Write out the data that follows exactly, keeping every picture out.

■ Data below:
#####

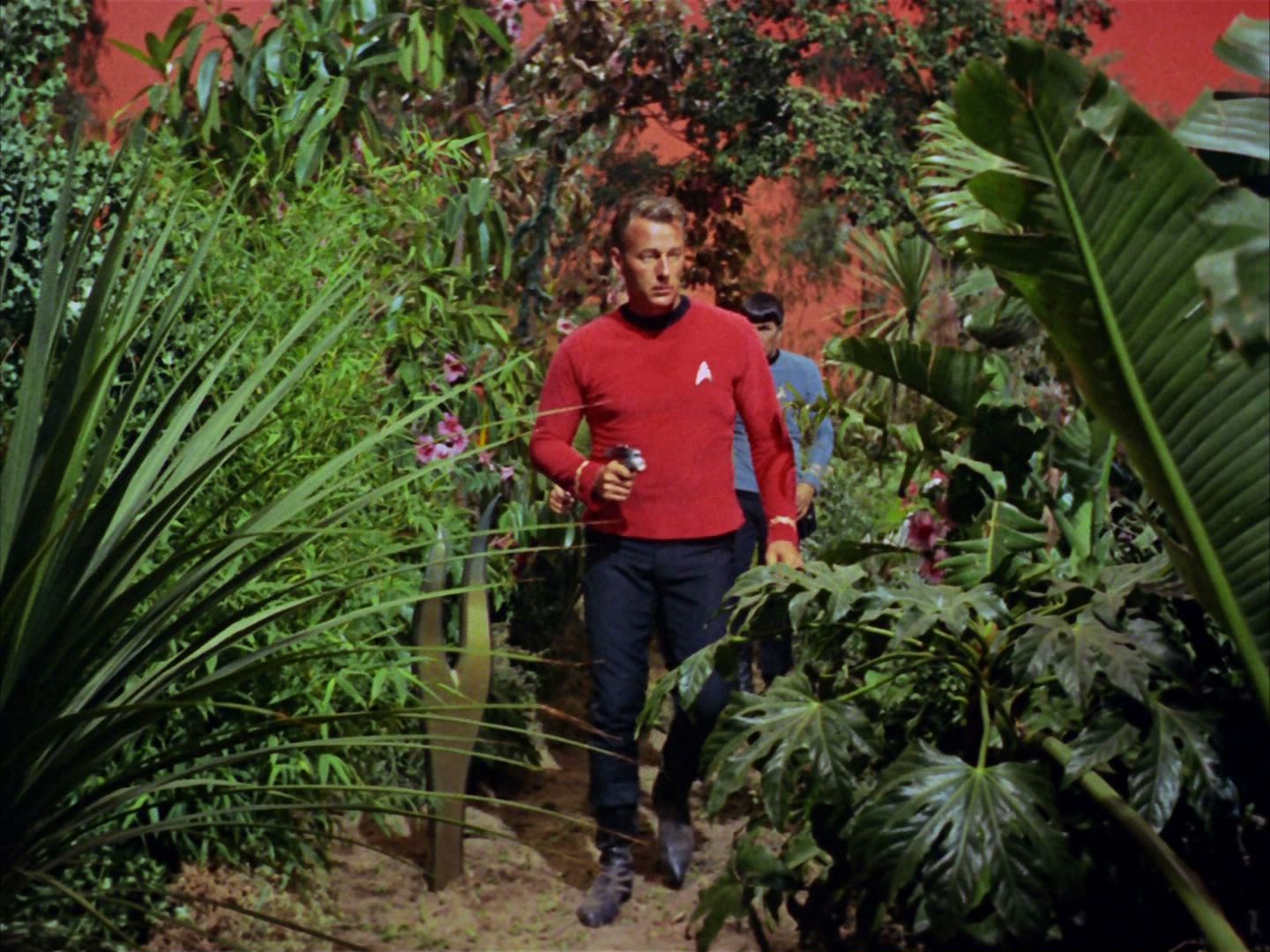 ariane179254_StarTrek_2x05_TheApple_0238.jpg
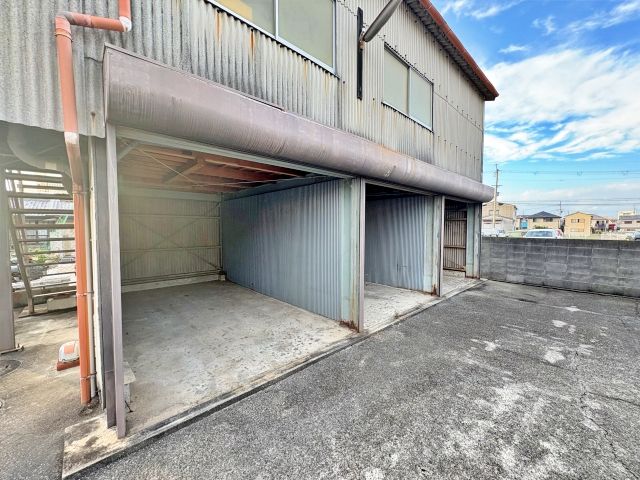 西本ガレージ(下出)の駐車場写真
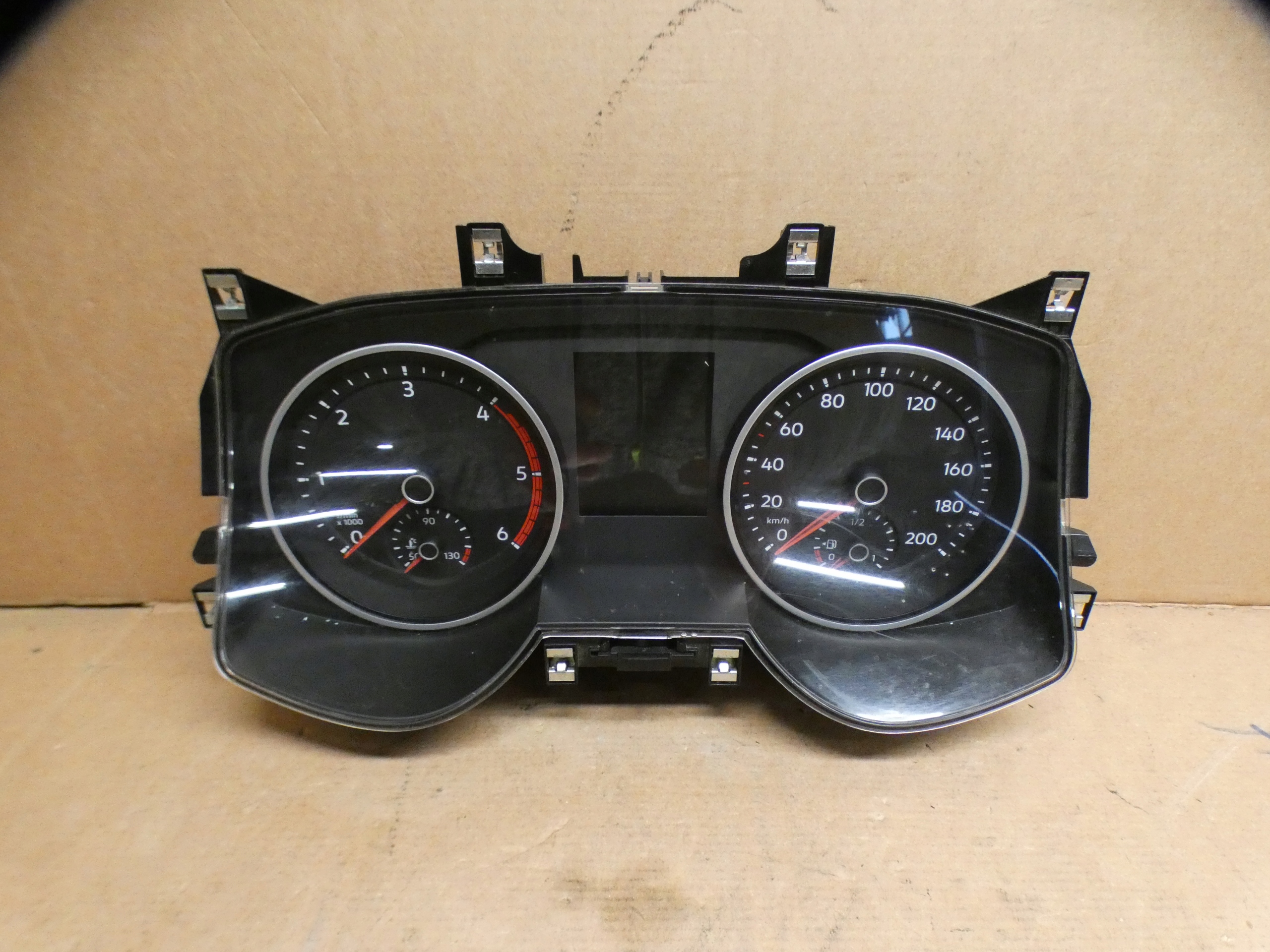 dials dials 7C0920741B VW Crafter II 2.0 TDI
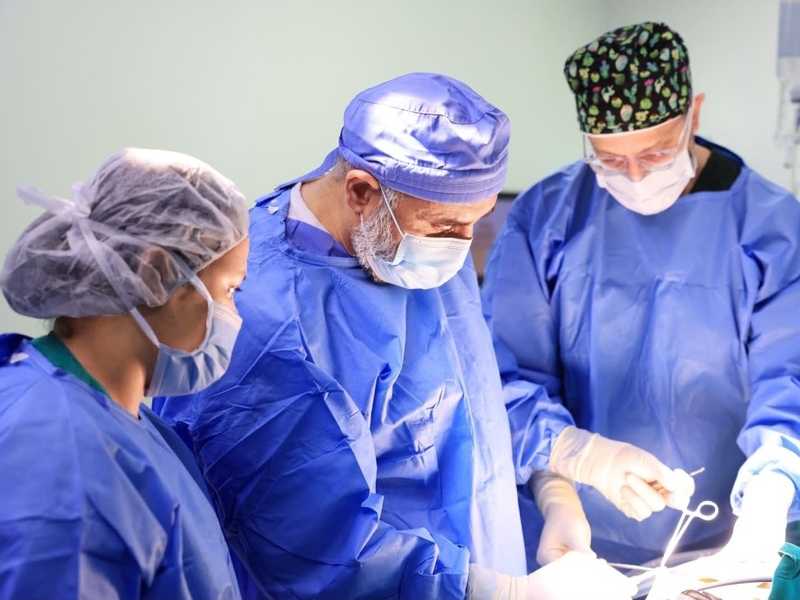 مستشفيات السلام تجري اول عمليه في القطاع الصحي الخاص لمعالجه تشوه خلقي لطفل يبلغ 3 سنوات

#####

■ Response:
 ariane179254_StarTrek_2x05_TheApple_0238.jpg
 西本ガレージ(下出)の駐車場写真
 dials dials 7C0920741B VW Crafter II 2.0 TDI
 مستشفيات السلام تجري اول عمليه في القطاع الصحي الخاص لمعالجه تشوه خلقي لطفل يبلغ 3 سنوات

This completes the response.